FIG. 4 is a flowchart illustrating a method for calculating and applying the optimized rate of charge for charging the battery 110, according to an embodiment of the disclosure.

Referring to FIG. 4, at S402, the method may include determining whether an external power source is connected to the electronic device 100, by the source voltage monitor unit 140. In an embodiment, other elements of the electronic device 100 may perform such function of the source voltage monitor unit 140.

According to an embodiment, the source voltage monitor unit 140 may be configured to determine, when the electronic device 100 is powered ON, whether the external power source is connected to the electronic device 100 in order to charge the battery.

When it is determined at S402 that the external power source is not connected, then at S404, the method may include monitoring discharging current and temperature. For example, the battery profile unit 132 (a) may be configured to monitor discharging current and temperature for the present state of the electronic device 100 and the present state of the battery 110.

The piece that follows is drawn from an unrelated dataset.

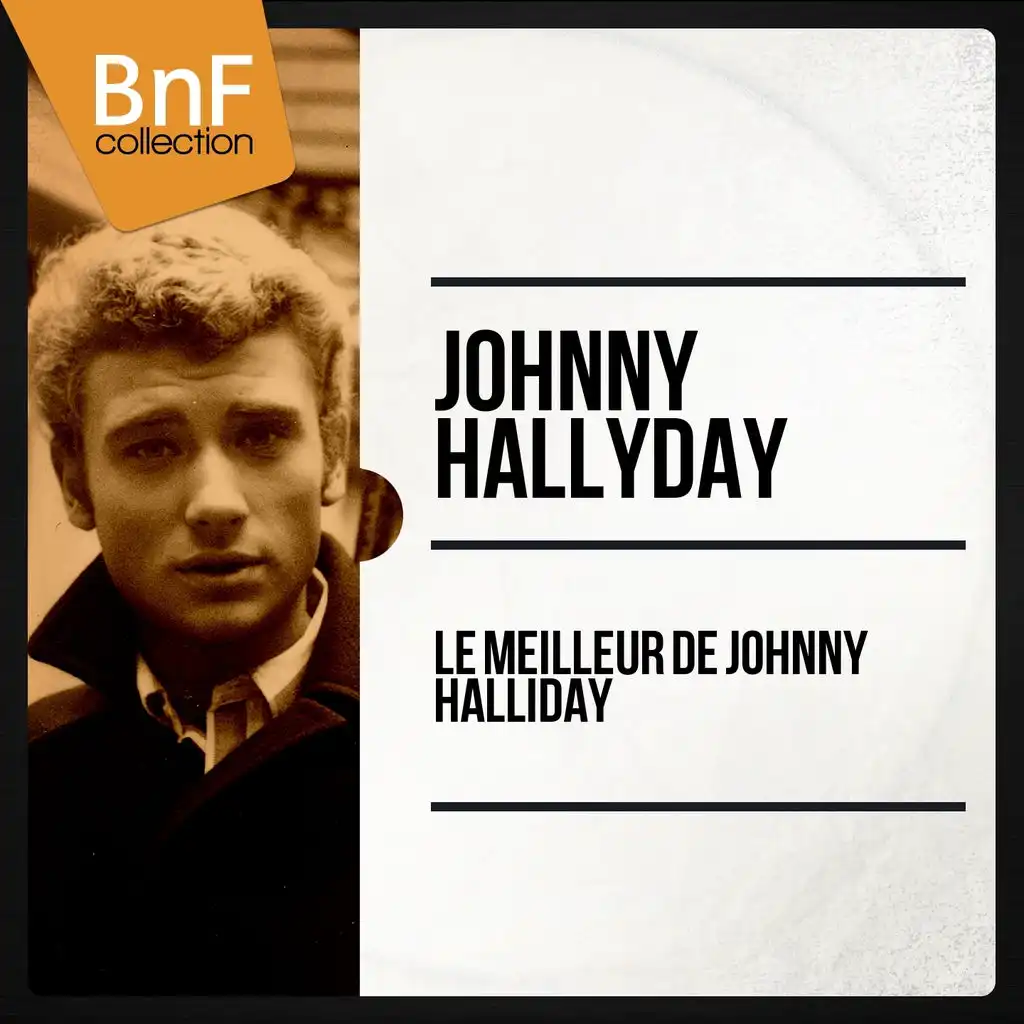Le meilleur de Johnny Halliday (Mono Version)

According to an embodiment, the battery profile unit 132(a) may monitor discharging current and the temperature for a number N of battery cycles such as, for “N” battery cycles how much energy is utilized from the battery 110 with respect to operating temperature range. The “N” herein may be a natural and/or integer value. Further, the battery profile unit 132(a) may be configured to create the battery profile using the aforementioned monitored data for “N” battery cycles. The battery profile may be used to determine battery capacity for different temperatures, which may be used to determine the charging current rate for present condition and present temperature.

At S406, the temperature profile unit 132(b) may be configured to create the temperature profile and determine the current consumption for each application (for ongoing tasks) during discharging state. At S408, the temperature profile may be utilized to provide recommendation (for example, notification) to a user when the user accesses same application next time, provide an estimated usage time (remaining time of the battery) when the user accesses same application, how much temperature will be increased due to the usage of the application. If temperature may increase to a level which lead to the battery degradation or harm the user of the electronic device 100, then the hazard detection unit 132 may notify to the user to avoid such accidental events.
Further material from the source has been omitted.